La General Motors impulsó una campaña en todos los frentes que años más tarde primaría el transporte privado sobre el público. Se construyeron las redes de autopistas, se debilitaron las infraestructuras ferroviarias hasta que el coche individual formó parte del paisaje de la vida americana.
Las grandes conglomeraciones industriales y financieras han dibujado el panorama de la economía occidental. Una gran multinacional puede tener intereses fabricando coches, importar petróleo, controlar las infraestructuras de uno o varios sectores y marcar los ritmos de la productividad de un gran país.
El mundo ha cambiado de tal forma que este modelo atraviesa dificultades. Demasiado volumen para estar al día en una sociedad cada vez más fragmentada por los gustos, el consumo, la competencia y la cultura de la sociedad global cada vez más exigente desde los pequeños espacios de los usuarios del planeta.
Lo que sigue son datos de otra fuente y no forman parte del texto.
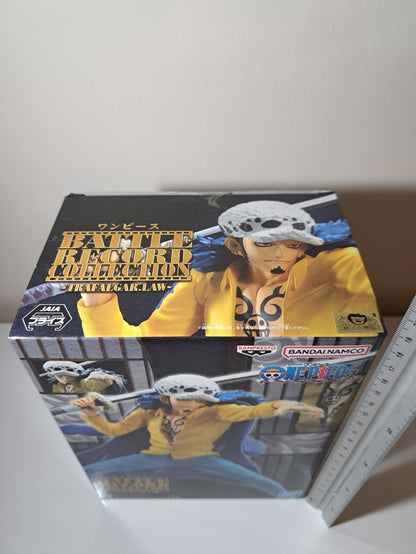One Piece Trafalgar Law Banpresto Battle Record Collection Anime Figure Sealed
General Motors ya no es lo que era. Acaba de anunciar el cierre de nueve plantas y el despido de treinta mil trabajadores para 2008. GM no es competitiva ante la aparición de las pequeñas marcas, japonesas o coreanas, que con menos costes producen iguales o mejores productos.
La concentración de poderes industriales funcionó durante varias generaciones. Irónicamente, la globalización beneficia a la mayoría de ciudadanos del planeta pero no desde estructuras rígidas sino desde la flexibilidad imprescindible para afrontar los nuevos retos.
¿Estamos mejor? No lo sé. Pero es lo que hay.